If you saw the ingredient 'Sodium Palm Kernelate' on a soap pack along with Sodium Lauryl Sulfate, this leads me to believe it is a commercially made soap, as opposed to a handmade soap.

I'm certainly not an expert, but I do a lot of reading on different soap forums, and from what I've read, commercial makers of soap take Sodium Palm Kernelate (soap made with lye and palm kernel oil), and they grind it up into flakes, and then they use huge, machine driven pressure rollers to compress, or mill the flakes along with the other ingredients into bars of soap. 

This is all done on a huge factory-type scale with equipment that is quite substantial and not available, or in any way practicle or affordable to the home soapcrafter, unless you're very well-off and happen to own a factory, that is.  :wink: 

With that being said, the next best thing a home soapcrafter can do with the modest equipment we have on hand is what is called 'rebatching'. You can buy unscented blocks of CP soap, or soap flakes (some call them soap noodles) that have been already made and cured from oils and lye, and you can melt them down to a gel-like consistancy, adding fragrance, color, and/or other additives to it, and then glop the melted, gelly-like brew into molds where they will harden back up into soap. 

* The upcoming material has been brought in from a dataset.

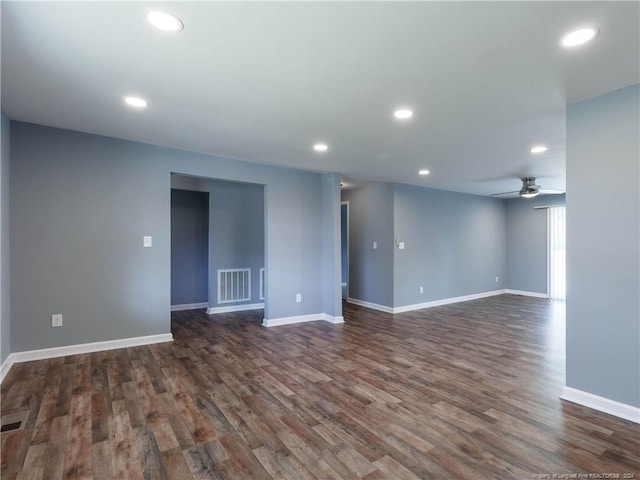 unfurnished room with ceiling fan and dark wood-type flooring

Here are some places to buy already-made CP (made from oils and lye) soap bases for rebatching (all of them are good companies with good reputations):

http://www.brambleberry.com/soapbases.html

http://www.soapcrafters.com/category.gc?ID=647

http://soapsandsundries.com/reba.html

http://www.pvsoap.com/soap_bases.asp

Just so you know, the finished rebatched soap will not look as smooth or streamlined as the commercially made soap, or handmade CP-first-time-around soap. It will have a rustic-look to it, but in my book, that is a plus, not a minus. I love the primitive look of rebatches soaps (as well as the streamlined look, too). I guess I just like variety.